On Improved Training of CNN for Acoustic Source Localisation

Abstract

Convolutional Neural Networks (CNNs) are a popular choice for estimating Direction of Arrival (DoA) without explicitly estimating delays between multiple microphones. The CNN method first optimises unknown filter weights (of a CNN) by using observations and ground-truth directional information. This trained CNN is then used to predict incident directions given test observations. Most existing methods train using spectrally-flat random signals and test using speech. In this paper, which focuses on single source DoA estimation, we find that training with speech or music signals produces a relative improvement in DoA accuracy for a variety of audio classes across 16 acoustic conditions and 9 DoAs, amounting to an average improvement of around 17% and 19% respectively when compared to training with spectrally flat random signals. This improvement is also observed in scenarios in which the speech and music signals are synthesised using, for example, a Generative Adversarial Network (GAN).
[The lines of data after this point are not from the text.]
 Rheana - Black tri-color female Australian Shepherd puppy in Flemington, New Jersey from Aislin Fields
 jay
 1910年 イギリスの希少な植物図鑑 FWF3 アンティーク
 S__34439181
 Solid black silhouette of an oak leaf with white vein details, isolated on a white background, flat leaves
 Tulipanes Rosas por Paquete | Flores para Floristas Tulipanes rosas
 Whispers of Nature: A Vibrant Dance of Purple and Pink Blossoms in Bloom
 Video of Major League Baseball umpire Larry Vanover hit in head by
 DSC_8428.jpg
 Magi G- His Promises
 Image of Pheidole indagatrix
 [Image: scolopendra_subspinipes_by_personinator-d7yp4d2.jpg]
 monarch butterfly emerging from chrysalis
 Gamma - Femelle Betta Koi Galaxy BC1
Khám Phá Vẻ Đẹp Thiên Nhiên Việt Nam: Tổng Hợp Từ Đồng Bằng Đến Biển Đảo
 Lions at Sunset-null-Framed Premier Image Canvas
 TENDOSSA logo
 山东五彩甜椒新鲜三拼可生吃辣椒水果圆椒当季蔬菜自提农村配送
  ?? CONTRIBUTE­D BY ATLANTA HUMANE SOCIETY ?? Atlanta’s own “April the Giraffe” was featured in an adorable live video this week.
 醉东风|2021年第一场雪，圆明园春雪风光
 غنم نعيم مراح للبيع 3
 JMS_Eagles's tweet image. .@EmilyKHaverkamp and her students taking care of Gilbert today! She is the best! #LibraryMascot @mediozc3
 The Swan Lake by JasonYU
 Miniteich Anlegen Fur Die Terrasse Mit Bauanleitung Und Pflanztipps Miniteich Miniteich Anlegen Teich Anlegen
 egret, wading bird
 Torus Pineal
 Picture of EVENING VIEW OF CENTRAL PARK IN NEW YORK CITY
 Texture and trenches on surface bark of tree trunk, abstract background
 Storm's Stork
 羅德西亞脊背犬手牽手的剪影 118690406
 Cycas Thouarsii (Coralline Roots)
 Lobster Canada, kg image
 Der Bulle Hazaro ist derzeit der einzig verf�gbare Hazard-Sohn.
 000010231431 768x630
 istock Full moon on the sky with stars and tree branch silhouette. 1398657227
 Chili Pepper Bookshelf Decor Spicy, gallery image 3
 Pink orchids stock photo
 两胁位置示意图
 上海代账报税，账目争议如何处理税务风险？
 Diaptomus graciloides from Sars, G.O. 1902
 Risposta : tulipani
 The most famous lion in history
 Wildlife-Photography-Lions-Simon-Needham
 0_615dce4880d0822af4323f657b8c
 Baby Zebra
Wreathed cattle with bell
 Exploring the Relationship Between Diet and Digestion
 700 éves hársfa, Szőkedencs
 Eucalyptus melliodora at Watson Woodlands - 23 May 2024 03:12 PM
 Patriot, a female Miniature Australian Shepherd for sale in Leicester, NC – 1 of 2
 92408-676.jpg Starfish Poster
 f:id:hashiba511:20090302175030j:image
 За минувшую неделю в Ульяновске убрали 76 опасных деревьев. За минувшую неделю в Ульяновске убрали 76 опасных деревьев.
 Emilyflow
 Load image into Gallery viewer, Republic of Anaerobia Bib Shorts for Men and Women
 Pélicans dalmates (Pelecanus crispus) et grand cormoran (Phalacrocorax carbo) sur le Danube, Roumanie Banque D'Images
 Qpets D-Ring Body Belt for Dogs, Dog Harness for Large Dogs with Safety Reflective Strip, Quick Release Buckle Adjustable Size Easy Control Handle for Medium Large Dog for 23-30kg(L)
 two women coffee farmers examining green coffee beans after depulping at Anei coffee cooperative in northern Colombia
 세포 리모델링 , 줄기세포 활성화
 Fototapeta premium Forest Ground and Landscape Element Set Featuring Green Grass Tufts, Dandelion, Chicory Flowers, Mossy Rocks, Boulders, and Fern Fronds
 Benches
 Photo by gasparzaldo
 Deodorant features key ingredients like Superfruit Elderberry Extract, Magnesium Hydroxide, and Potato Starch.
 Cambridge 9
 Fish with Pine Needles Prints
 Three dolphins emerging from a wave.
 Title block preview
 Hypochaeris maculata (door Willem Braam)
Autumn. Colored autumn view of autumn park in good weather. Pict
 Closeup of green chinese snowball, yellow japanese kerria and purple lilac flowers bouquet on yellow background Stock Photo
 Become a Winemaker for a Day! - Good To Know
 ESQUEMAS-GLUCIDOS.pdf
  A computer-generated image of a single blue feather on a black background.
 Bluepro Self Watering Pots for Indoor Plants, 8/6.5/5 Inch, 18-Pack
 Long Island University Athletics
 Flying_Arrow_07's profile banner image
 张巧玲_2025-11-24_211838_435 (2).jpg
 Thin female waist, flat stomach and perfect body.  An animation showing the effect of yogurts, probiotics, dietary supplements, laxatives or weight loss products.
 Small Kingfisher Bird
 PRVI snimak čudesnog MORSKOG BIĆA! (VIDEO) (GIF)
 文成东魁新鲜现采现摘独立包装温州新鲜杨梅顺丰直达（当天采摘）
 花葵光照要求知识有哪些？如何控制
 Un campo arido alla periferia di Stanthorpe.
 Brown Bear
When the acoustic environments during test and training are similar and reverberant, training a CNN with speech outperforms Generalized Cross Correlation (GCC) methods by about 125%. When the test conditions are different, a CNN performs comparably. This paper takes a step towards answering open questions in the literature regarding the nature of the signals used during training, as well as the amount of data required for estimating DoA using CNNs.